In this chapter Frye is explaining the context and tradition of romance. Frye quotes Milton and agrees that within romantic language there is a sense "where more is meant than meets the ear." (59) This supports the notion of romance having an allegoric nature, and ocean of notions. Within the realm of allegory and the romantic [happy ending] structure there is still sometimes a blur referred to as the '"symbolic spread," the sense that a work of literature is expanding into insights and experiences beyond itself...'
I'm going to break off from the quote here for a moment. Here I want to incorporate another person I know who is traveling through Chile to Peru as an exchange student. His character is full of insights and experiences beyond himself. He's full of bullshit, it's his bread and butter. Many call him a pathological liar, but the bottom line is he's a hell of a storyteller.
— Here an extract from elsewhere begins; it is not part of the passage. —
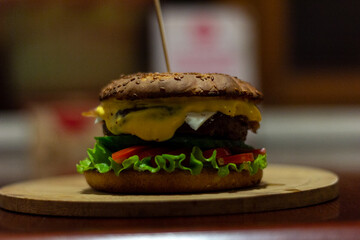 Burger from a meat patty with fresh cucumbers, tomatoes and cheese. White bun sprinkled with sesame seeds. Close-up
His new adventures of awesome epicness are churned out like clockwork. "Got hit by a car last week and had to shake that shit off." Or "Then, f#&*ing dude I won 800 bucks last night, we were at the bar and I bought a round of drinks for the house and threw the rest of the cash in the street." These type of tales seldom strike me as believable or romantic, but they are full of symbolism and realism. Though, in our context here is realism present in his symbolism?
Next the end of the quote says, '...The symbolic spread of realism tends to go from the individual work of fiction into the life around it which it reflects: this can be accurately called allegorical. The symbolic spread of a romance tends rather to go into its literary context, to other romances that are most like it in the conventions adopted.' (59)
This friend of mine has conventions adopted from the world around, he's inheriting those stories as we do when we're younger hearing bedtime stories from our parents. Are his hyperbolic storytelling tactics worth merit, his shared imagination and ad libbed fibs? Are these fair game and intelligibly allegorical? Are hyperbole and dishonesty analogous or is there merit his shared imagination and ad libbed fibs? I don't think I have an answer to these. There is a very fine line between allegory, dishonesty, symbolism, and context, and I find it hard to believe that language ever escapes context. My answer to whatever I'm asking as Frye would say "where more is meant than meets the ear" quothed Milton.